▶ [WHAT IS EXPECTED]: Please copy out all the data. Every detail stays the same.
_ _ _
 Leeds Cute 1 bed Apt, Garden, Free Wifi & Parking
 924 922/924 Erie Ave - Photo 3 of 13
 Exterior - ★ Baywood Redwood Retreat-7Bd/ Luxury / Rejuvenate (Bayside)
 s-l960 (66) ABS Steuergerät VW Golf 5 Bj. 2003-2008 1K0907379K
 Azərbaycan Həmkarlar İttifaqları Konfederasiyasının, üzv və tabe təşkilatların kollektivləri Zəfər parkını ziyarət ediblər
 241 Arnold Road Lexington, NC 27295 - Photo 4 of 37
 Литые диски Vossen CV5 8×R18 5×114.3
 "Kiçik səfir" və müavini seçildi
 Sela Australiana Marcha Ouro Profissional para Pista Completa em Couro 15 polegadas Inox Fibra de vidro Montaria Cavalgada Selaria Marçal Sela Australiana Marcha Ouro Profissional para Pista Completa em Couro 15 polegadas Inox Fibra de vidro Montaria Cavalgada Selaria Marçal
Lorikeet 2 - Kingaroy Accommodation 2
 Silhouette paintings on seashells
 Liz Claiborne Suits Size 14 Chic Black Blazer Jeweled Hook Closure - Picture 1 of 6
_ _ _
▶ [RESPONSE]:
 Leeds Cute 1 bed Apt, Garden, Free Wifi & Parking
 924 922/924 Erie Ave - Photo 3 of 13
 Exterior - ★ Baywood Redwood Retreat-7Bd/ Luxury / Rejuvenate (Bayside)
 s-l960 (66) ABS Steuergerät VW Golf 5 Bj. 2003-2008 1K0907379K
 Azərbaycan Həmkarlar İttifaqları Konfederasiyasının, üzv və tabe təşkilatların kollektivləri Zəfər parkını ziyarət ediblər
 241 Arnold Road Lexington, NC 27295 - Photo 4 of 37
 Литые диски Vossen CV5 8×R18 5×114.3
 "Kiçik səfir" və müavini seçildi
 Sela Australiana Marcha Ouro Profissional para Pista Completa em Couro 15 polegadas Inox Fibra de vidro Montaria Cavalgada Selaria Marçal Sela Australiana Marcha Ouro Profissional para Pista Completa em Couro 15 polegadas Inox Fibra de vidro Montaria Cavalgada Selaria Marçal
Lorikeet 2 - Kingaroy Accommodation 2
 Silhouette paintings on seashells
 Liz Claiborne Suits Size 14 Chic Black Blazer Jeweled Hook Closure - Picture 1 of 6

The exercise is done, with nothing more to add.